ほんとにいろんなものをつぎ込んで、費やして。
才能があれば才能を磨き、研鑽に努め。
なければ技術を学び、模倣して。
模倣からそれを破り、独自性を手に入れるために、それこそ血を吐いてのたうち回るほど苦しんで。
自分だけの唯一のものを、人とは違う何かを手に入れるために足掻く。
そうやって、みんな表面には見えない努力を積み重ねている。
でも、その行為、苦しんだことや積み重ねたことが結果につながるとは限らない。
プロとは、プロになるということはそんな感じだと思います。
(目指していないやつが、何を言わんやですが)
自分が告白した女の子、その子もやはり創作活動をしている人物でしたが、
ある時、自分に語った話。
「あんたは良いよねっ、強いから!!」と女友達に言われたことに、
「当たり前だよっ。強くなろうとしてるんだから!!」と言い返したとか、返さなかったとか。

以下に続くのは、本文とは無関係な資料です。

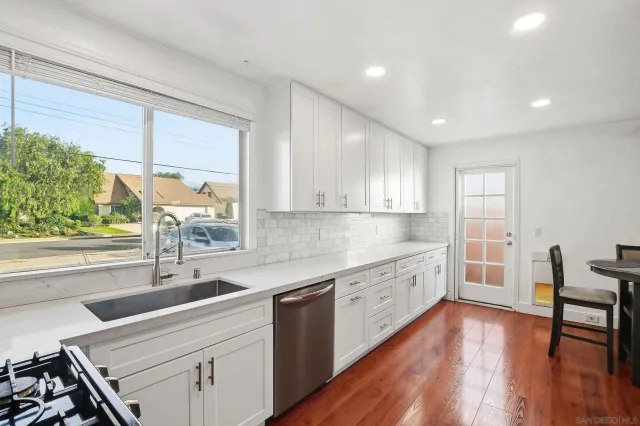 a kitchen with sink cabinets and wooden floor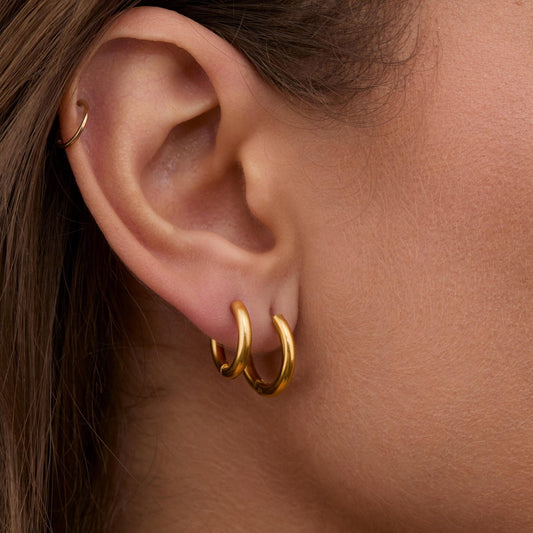 Close detail of the 18K Plated Gold Hoop Earrings Multi Size in Gold-Plated Steel. Tarnish-resistant, premium handmade.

本当に何かを作り出すって、強くないと、強くならないとできないんですよね。
たとえほんとは弱くても(苦笑)
そうやって苦しんで苦しんで、のたうち回りながら生み出した作品。
生まれた作品は、はたから見てサルみたいな変な話だとしても、本人にしてみるとかわいく、かっこいい。
まあそんなもんです。
(あとで冷静に見返して、あまりの出来の悪さに憤りを感じたりするのもね(笑)、でもなんか憎めないんですよ)
だから自分は頑張って書いている作品、
頑張って書いている人は応援したいんですよね。
気持ちばかり先行して、あんまり作品読めていないし、応援できていないんですが(苦笑)
まあ、そうやって修羅になりたい。
真面目に目指して努力している人たちは、ちょっと応援できればなぁ。なんて思います。
ちなみに、
クリエーター以外にも頑張っている人はたくさんいます。
目にはいってないだけ(苦笑)
前に、自動車関連の仕事、外資系の部品メーカーに勤めていた頃です。
ライン管理職の課長。
冴えない風貌で、喫煙所でだらだらしているような印象でしたが、
ある時、外国人の契約相手が訪問して、
自分の部署の外国人課長と一緒になって、英語で技術的な説明や議論をしている姿、
かっこ良かった。
自分が女なら、ギャップでグッとくるくらい(笑)
ああ、あの人も高いレベルの仕事をするために自分を鍛えたんだな。
なんてね(笑)
このお話を書いてて思い出した、がんばっている、かっこいい冴えないおじさんのお話でした。
うん、みんな頑張っているんだよ。
あなたのとなりの若いやつも、となりのつまらなそうなおっさんもお年寄りもね。